EXERCISE BRIEF: Transcribe, word for word and without additions, each line below from the one containing "Chaqueta corta con" through the one containing "Remas Hotel Suites - Oda", both ends included.
═══ PROVIDED DATA ═══
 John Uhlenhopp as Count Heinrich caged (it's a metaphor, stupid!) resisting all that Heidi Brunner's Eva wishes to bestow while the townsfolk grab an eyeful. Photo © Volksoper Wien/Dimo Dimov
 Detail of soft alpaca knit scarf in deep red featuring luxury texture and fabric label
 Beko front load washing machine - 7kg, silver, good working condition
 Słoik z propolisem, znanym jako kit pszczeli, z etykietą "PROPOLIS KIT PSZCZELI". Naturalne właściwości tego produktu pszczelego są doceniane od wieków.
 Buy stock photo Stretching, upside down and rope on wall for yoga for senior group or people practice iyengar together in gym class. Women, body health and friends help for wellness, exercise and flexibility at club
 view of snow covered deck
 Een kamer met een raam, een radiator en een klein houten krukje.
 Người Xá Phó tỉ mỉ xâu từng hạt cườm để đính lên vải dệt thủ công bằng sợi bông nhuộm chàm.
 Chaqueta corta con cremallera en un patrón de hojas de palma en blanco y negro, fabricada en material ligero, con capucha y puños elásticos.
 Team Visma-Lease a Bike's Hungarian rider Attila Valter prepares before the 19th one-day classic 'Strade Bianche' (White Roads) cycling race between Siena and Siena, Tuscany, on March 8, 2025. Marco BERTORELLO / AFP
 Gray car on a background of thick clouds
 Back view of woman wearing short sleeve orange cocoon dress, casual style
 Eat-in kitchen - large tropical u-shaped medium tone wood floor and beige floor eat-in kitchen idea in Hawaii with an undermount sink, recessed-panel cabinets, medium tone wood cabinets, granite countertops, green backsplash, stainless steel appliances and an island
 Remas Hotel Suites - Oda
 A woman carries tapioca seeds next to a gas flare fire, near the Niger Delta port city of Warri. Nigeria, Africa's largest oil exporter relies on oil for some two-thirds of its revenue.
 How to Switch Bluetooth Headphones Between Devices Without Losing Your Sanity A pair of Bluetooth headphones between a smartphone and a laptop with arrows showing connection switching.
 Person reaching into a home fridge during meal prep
═══
OUTPUT BELOW:
 Chaqueta corta con cremallera en un patrón de hojas de palma en blanco y negro, fabricada en material ligero, con capucha y puños elásticos.
 Team Visma-Lease a Bike's Hungarian rider Attila Valter prepares before the 19th one-day classic 'Strade Bianche' (White Roads) cycling race between Siena and Siena, Tuscany, on March 8, 2025. Marco BERTORELLO / AFP
 Gray car on a background of thick clouds
 Back view of woman wearing short sleeve orange cocoon dress, casual style
 Eat-in kitchen - large tropical u-shaped medium tone wood floor and beige floor eat-in kitchen idea in Hawaii with an undermount sink, recessed-panel cabinets, medium tone wood cabinets, granite countertops, green backsplash, stainless steel appliances and an island
 Remas Hotel Suites - Oda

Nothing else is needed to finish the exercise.